INFORMATION:
- - - - - - -

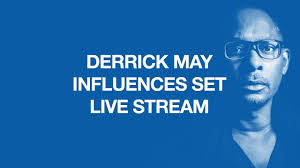 Alternate Cuts: Derrick May, Manchester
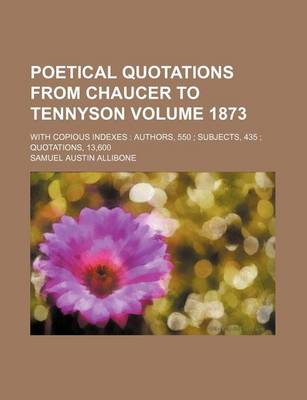 Book cover for Poetical Quotations from Chaucer to Tennyson Volume 1873; With Copious Indexes Authors, 550 Subjects, 435 Quotations, 13,600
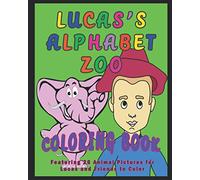 LUCAS'S ALPHABET ZOO COLORING BOOK: Featuring 26 Animal Pictures for Lucas and Friends to Color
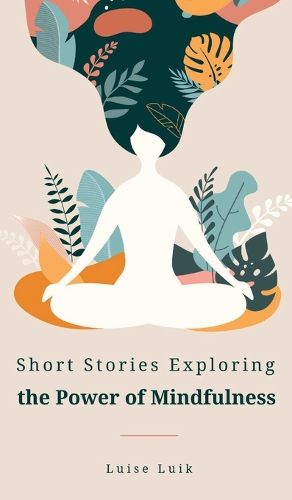 Short Stories Exploring the Power of Mindfulness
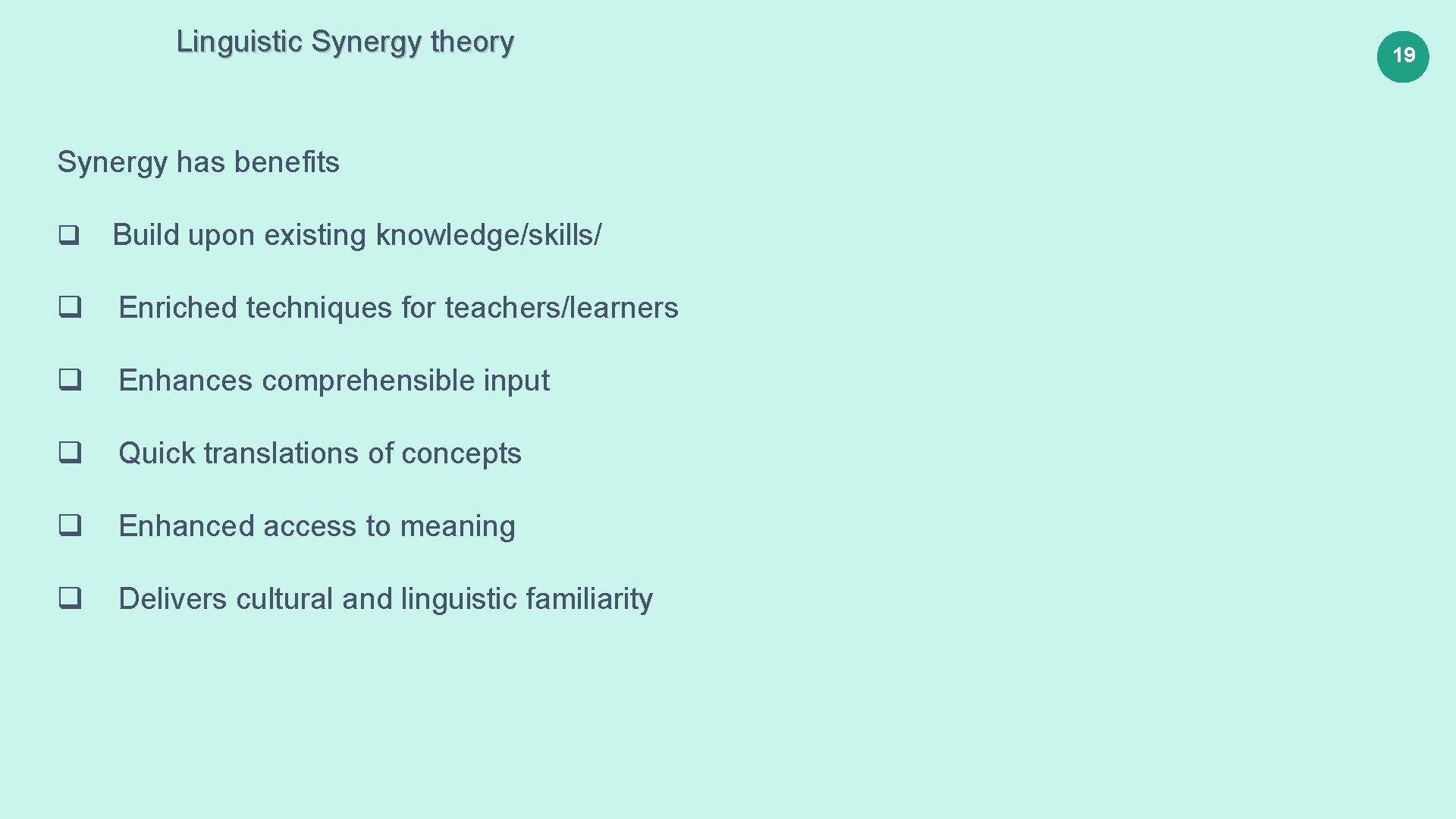 Linguistic Synergy theory Synergy has benefits q Build upon existing knowledge/skills/ q Enriched techniques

- - - - - - -

WHAT TO PRODUCE: All of the entries above are to be transcribed word for word, with no pictures included.

SOLUTION TO THIS EXERCISE:
 Alternate Cuts: Derrick May, Manchester
 Book cover for Poetical Quotations from Chaucer to Tennyson Volume 1873; With Copious Indexes Authors, 550 Subjects, 435 Quotations, 13,600
 LUCAS'S ALPHABET ZOO COLORING BOOK: Featuring 26 Animal Pictures for Lucas and Friends to Color
 Short Stories Exploring the Power of Mindfulness
 Linguistic Synergy theory Synergy has benefits q Build upon existing knowledge/skills/ q Enriched techniques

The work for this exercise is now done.